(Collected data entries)

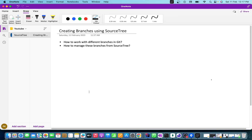Hi guys, in the last video we learned about how to do commit, push, pull, and fetch. In this video we are going to learn about git branches. As I promised in the last video, we will discuss how to debug an issue with the help of SourceTree, but before going to that debug thing we need to learn about branches. Today I'm going to cover two questions: how to work with different branches in git, and how to manage these branches from SourceTree.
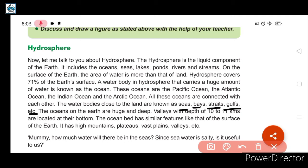The oceans on the earth are huge and deep. Valleys with a depth of 10 to 11 kilometers are located at the bottom. The ocean bed has similar features to the surface of the earth — such as high mountains, plateaus, vast plains, valleys, etc.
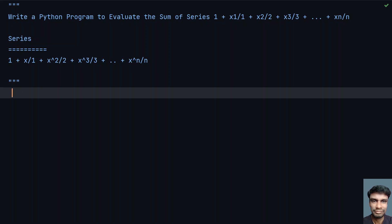Welcome to my YouTube channel. In this video, let's learn how to write a Python program to evaluate the sum of a series: 1 + x/1 + x²/2 + x³/3 + ... + xⁿ/n. This is a power series where x is raised to the power of values from 1 to n.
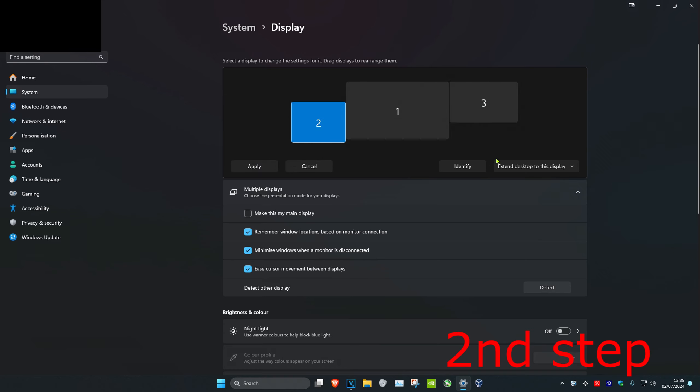Then you want to click on this and then you'll click on disconnect this display. Your screen will go black and then click on keep changes.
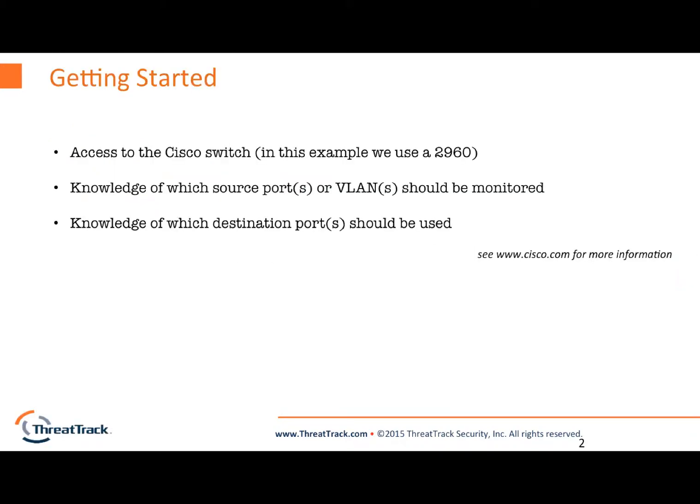Getting started. First we'll need access to a switch. In this example we'll be using a 2960. We'll need knowledge of which source ports or VLANs we would like to monitor and knowledge of which destination ports we should be using on the Cisco switch.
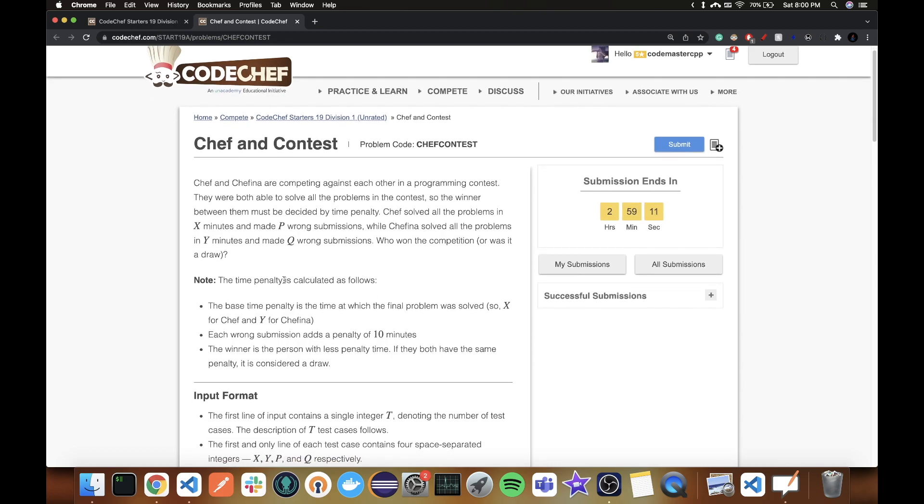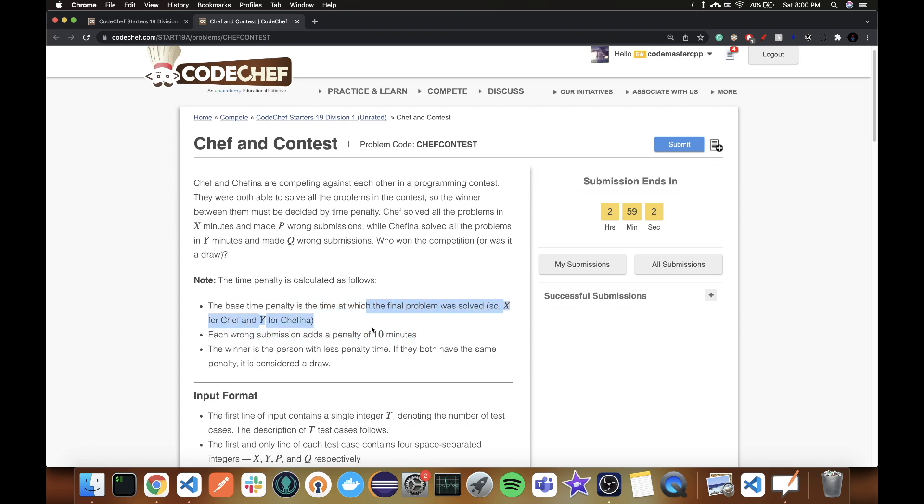So the time penalty is calculated as follows. The base time penalty is the time at which the final problem was solved. So X for Chef and Y for Chefina. And each wrong submission adds 10 minutes penalty, like AtCoder but penalty is 10 minutes.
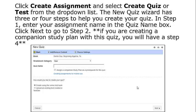The new Quiz Wizard has three or four steps to help you create your quiz. In Step 1, enter your assignment name. Click Next to go to Step 2. If you are creating a companion study plan with this quiz, you will have a Step 4.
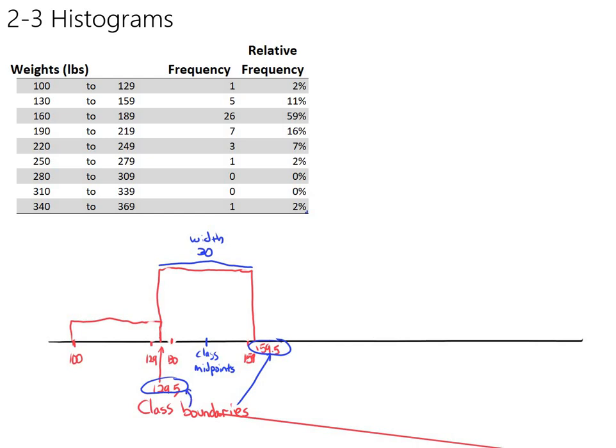So that's really all you need to know to turn a frequency distribution into a histogram. Most of the time we don't draw these by hand - we draw these with a computer. But if the computer is doing things properly, that's how it should be doing it. Not every computer program does, so now you know how to draw histograms better than a computer.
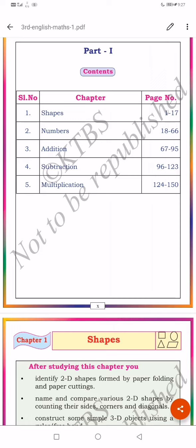S-H-A-P-E-S. Shapes matlab akar (shapes means forms/shapes). N-U-M-B-E-R-S. Numbers. Sankhya (numbers in Bengali).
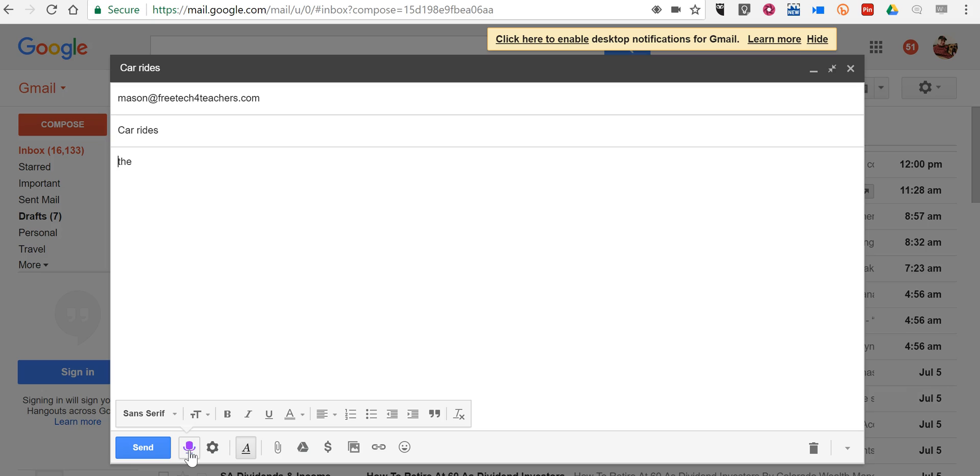The car is leaving at 5 p.m. to go to the park. Period. New line. If you would like to bring a friend please let me know. Period.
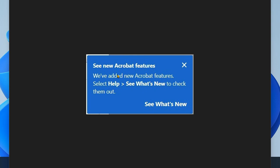Hello guys, welcome to my channel. Today this video will show you how to stop the Adobe pop-up messages when you open Adobe Acrobat.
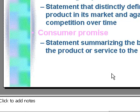To deselect your text, click anywhere outside the selected area.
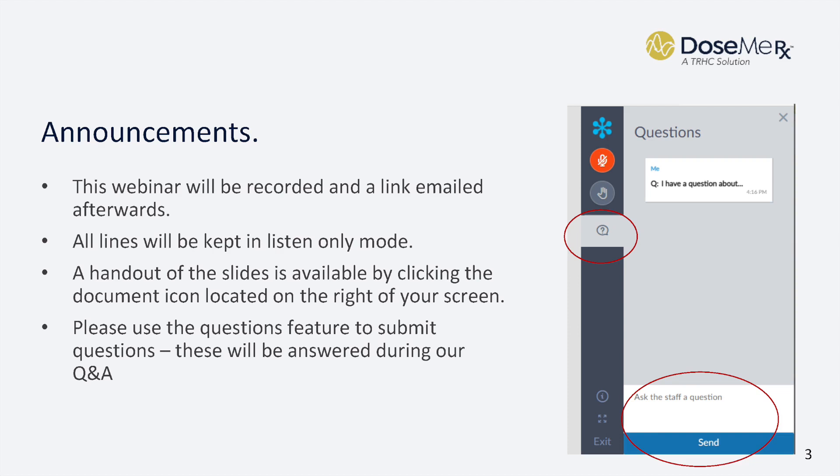Just a couple of quick announcements. This webinar will be recorded, and a link will be emailed afterwards to the email that you used to register for the webinar.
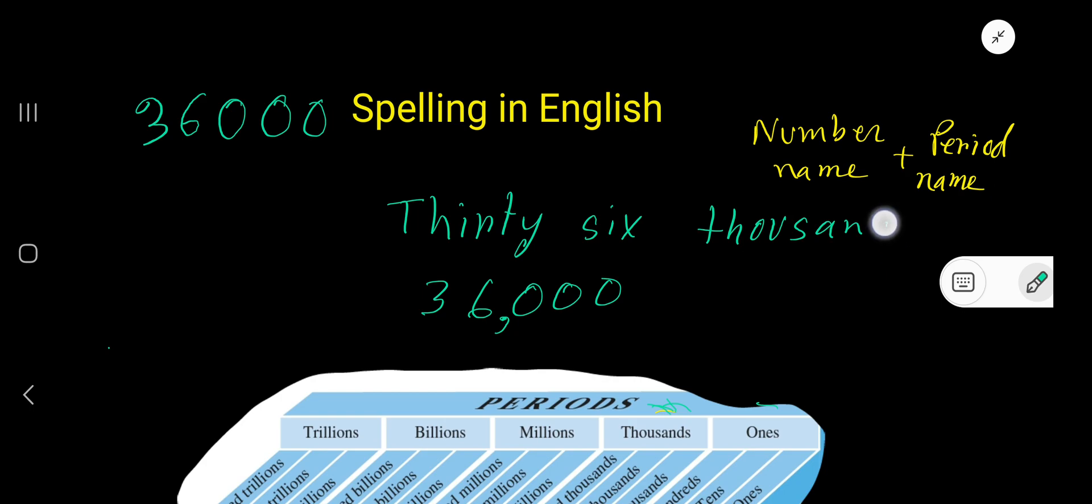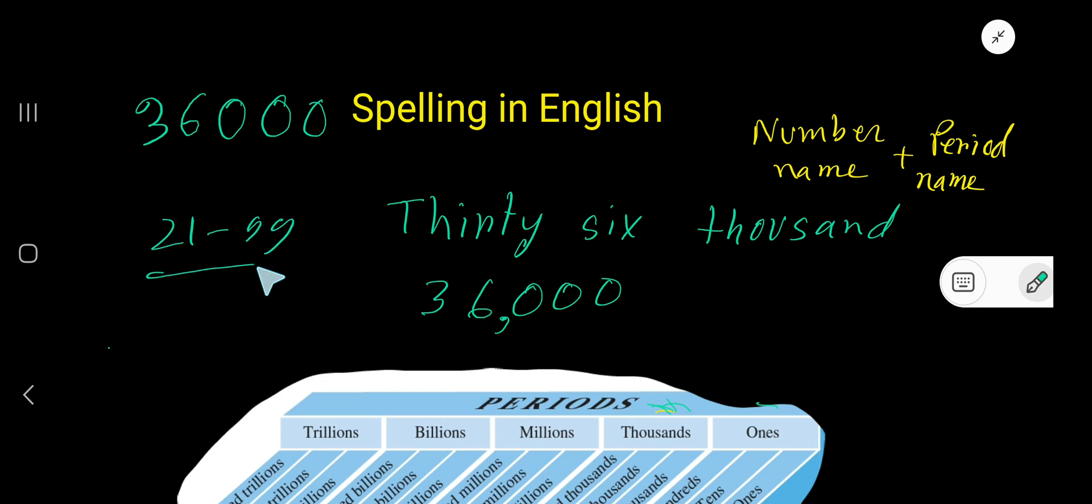...A-N-D, thousand. For the ones period, we don't use the name of the period. But for numbers 21 to 99, we use a hyphen. So right here, hyphen. This is the spelling: thirty-six thousand.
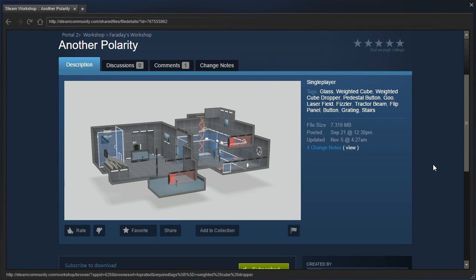Hey guys, I'm LB, and let's check out Another Polarity by Faraday.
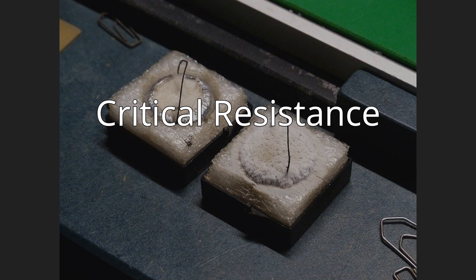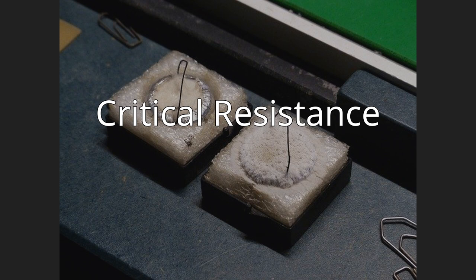Critical Resistance is a U.S.-based organization that works to build a mass movement to dismantle what it calls the prison industrial complex. Critical Resistance's national office is in Oakland, California, with three additional chapters in New York City, Los Angeles, and Portland, Oregon.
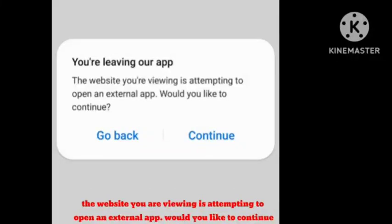How to fix 'the website you are viewing is attempting to open an external app, would you like to continue' or 'you are leaving our app' error. I will show you how to fix this trouble.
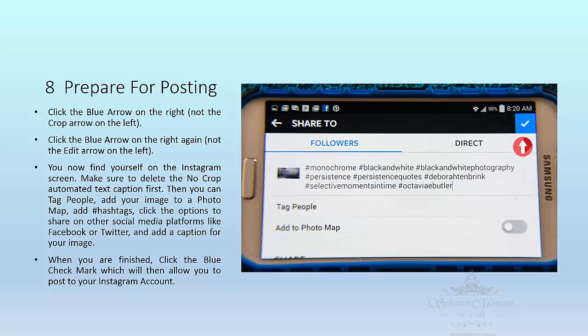You can also click options to share this image on other social media platforms like Facebook or Twitter. Then add the caption or message that you would like to add to your image. When you are finished, click the blue check mark in the right hand corner and you will have shared your image to Instagram.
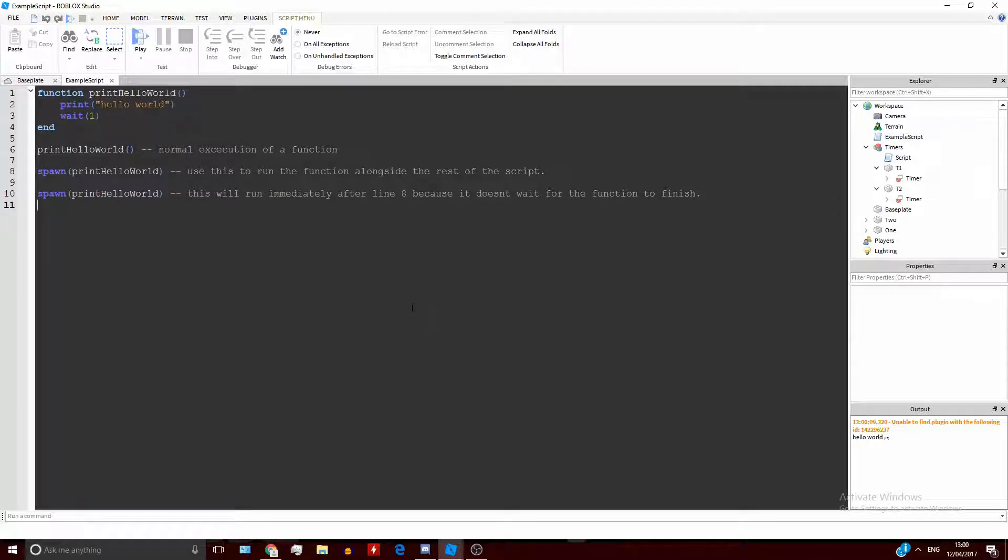Spawn functions are basically normal functions, but they're called and they run alongside everything else in the script. They don't make the script stop on its own.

- _EXERCISE REQUIREMENTS_
Return every record exactly, minus the pictures.

- _SOLVED EXERCISE_
Hi guys, in the last video we learned about how to do commit, push, pull, and fetch. In this video we are going to learn about git branches. As I promised in the last video, we will discuss how to debug an issue with the help of SourceTree, but before going to that debug thing we need to learn about branches. Today I'm going to cover two questions: how to work with different branches in git, and how to manage these branches from SourceTree.
The oceans on the earth are huge and deep. Valleys with a depth of 10 to 11 kilometers are located at the bottom. The ocean bed has similar features to the surface of the earth — such as high mountains, plateaus, vast plains, valleys, etc.
Welcome to my YouTube channel. In this video, let's learn how to write a Python program to evaluate the sum of a series: 1 + x/1 + x²/2 + x³/3 + ... + xⁿ/n. This is a power series where x is raised to the power of values from 1 to n.
Then you want to click on this and then you'll click on disconnect this display. Your screen will go black and then click on keep changes.
Getting started. First we'll need access to a switch. In this example we'll be using a 2960. We'll need knowledge of which source ports or VLANs we would like to monitor and knowledge of which destination ports we should be using on the Cisco switch.
So the time penalty is calculated as follows. The base time penalty is the time at which the final problem was solved. So X for Chef and Y for Chefina. And each wrong submission adds 10 minutes penalty, like AtCoder but penalty is 10 minutes.
The new Quiz Wizard has three or four steps to help you create your quiz. In Step 1, enter your assignment name. Click Next to go to Step 2. If you are creating a companion study plan with this quiz, you will have a Step 4.
So that's really all you need to know to turn a frequency distribution into a histogram. Most of the time we don't draw these by hand - we draw these with a computer. But if the computer is doing things properly, that's how it should be doing it. Not every computer program does, so now you know how to draw histograms better than a computer.
S-H-A-P-E-S. Shapes matlab akar (shapes means forms/shapes). N-U-M-B-E-R-S. Numbers. Sankhya (numbers in Bengali).
The car is leaving at 5 p.m. to go to the park. Period. New line. If you would like to bring a friend please let me know. Period.
Hello guys, welcome to my channel. Today this video will show you how to stop the Adobe pop-up messages when you open Adobe Acrobat.
To deselect your text, click anywhere outside the selected area.
Just a couple of quick announcements. This webinar will be recorded, and a link will be emailed afterwards to the email that you used to register for the webinar.
...A-N-D, thousand. For the ones period, we don't use the name of the period. But for numbers 21 to 99, we use a hyphen. So right here, hyphen. This is the spelling: thirty-six thousand.
Hey guys, I'm LB, and let's check out Another Polarity by Faraday.
Critical Resistance is a U.S.-based organization that works to build a mass movement to dismantle what it calls the prison industrial complex. Critical Resistance's national office is in Oakland, California, with three additional chapters in New York City, Los Angeles, and Portland, Oregon.
How to fix 'the website you are viewing is attempting to open an external app, would you like to continue' or 'you are leaving our app' error. I will show you how to fix this trouble.
You can also click options to share this image on other social media platforms like Facebook or Twitter. Then add the caption or message that you would like to add to your image. When you are finished, click the blue check mark in the right hand corner and you will have shared your image to Instagram.
Spawn functions are basically normal functions, but they're called and they run alongside everything else in the script. They don't make the script stop on its own.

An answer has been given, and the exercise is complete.